§ Assignment: Use the entries below and reproduce exactly the lines from the one containing "Eingang Festung Rüsselsheim" down to the one containing "Hollyhills Apartments Denton Texas", both of them included.

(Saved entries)
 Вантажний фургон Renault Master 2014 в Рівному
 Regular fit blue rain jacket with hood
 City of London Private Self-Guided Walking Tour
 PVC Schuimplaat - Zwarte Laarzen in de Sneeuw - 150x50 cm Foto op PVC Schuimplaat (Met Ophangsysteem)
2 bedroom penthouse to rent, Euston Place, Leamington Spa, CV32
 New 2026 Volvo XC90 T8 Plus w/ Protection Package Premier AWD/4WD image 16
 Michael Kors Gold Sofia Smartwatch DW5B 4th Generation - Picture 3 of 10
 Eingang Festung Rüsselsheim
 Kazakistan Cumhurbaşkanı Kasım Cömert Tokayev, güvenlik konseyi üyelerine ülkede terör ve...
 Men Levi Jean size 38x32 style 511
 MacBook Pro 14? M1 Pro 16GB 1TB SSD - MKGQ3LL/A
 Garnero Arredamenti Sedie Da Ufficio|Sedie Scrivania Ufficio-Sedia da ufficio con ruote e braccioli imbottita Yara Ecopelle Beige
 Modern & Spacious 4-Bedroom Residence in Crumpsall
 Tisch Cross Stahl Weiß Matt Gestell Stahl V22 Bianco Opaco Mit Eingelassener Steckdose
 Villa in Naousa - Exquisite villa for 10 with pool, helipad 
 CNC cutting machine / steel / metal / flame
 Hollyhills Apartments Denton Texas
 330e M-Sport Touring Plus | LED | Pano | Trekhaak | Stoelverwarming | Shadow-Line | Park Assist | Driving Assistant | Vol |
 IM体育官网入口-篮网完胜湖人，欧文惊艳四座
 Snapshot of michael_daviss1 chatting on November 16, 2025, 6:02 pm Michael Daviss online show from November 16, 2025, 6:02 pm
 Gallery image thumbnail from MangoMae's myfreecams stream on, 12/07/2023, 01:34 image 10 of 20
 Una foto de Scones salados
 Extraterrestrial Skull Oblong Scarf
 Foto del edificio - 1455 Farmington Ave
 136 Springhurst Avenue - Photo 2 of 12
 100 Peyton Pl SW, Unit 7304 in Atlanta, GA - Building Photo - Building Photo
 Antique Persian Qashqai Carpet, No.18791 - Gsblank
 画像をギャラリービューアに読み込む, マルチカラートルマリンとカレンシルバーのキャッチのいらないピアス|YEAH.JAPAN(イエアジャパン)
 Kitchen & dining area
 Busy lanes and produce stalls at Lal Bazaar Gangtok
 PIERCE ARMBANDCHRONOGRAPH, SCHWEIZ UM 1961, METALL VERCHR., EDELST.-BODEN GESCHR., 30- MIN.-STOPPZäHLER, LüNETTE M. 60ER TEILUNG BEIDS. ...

§ Solution below:
 Eingang Festung Rüsselsheim
 Kazakistan Cumhurbaşkanı Kasım Cömert Tokayev, güvenlik konseyi üyelerine ülkede terör ve...
 Men Levi Jean size 38x32 style 511
 MacBook Pro 14? M1 Pro 16GB 1TB SSD - MKGQ3LL/A
 Garnero Arredamenti Sedie Da Ufficio|Sedie Scrivania Ufficio-Sedia da ufficio con ruote e braccioli imbottita Yara Ecopelle Beige
 Modern & Spacious 4-Bedroom Residence in Crumpsall
 Tisch Cross Stahl Weiß Matt Gestell Stahl V22 Bianco Opaco Mit Eingelassener Steckdose
 Villa in Naousa - Exquisite villa for 10 with pool, helipad 
 CNC cutting machine / steel / metal / flame
 Hollyhills Apartments Denton Texas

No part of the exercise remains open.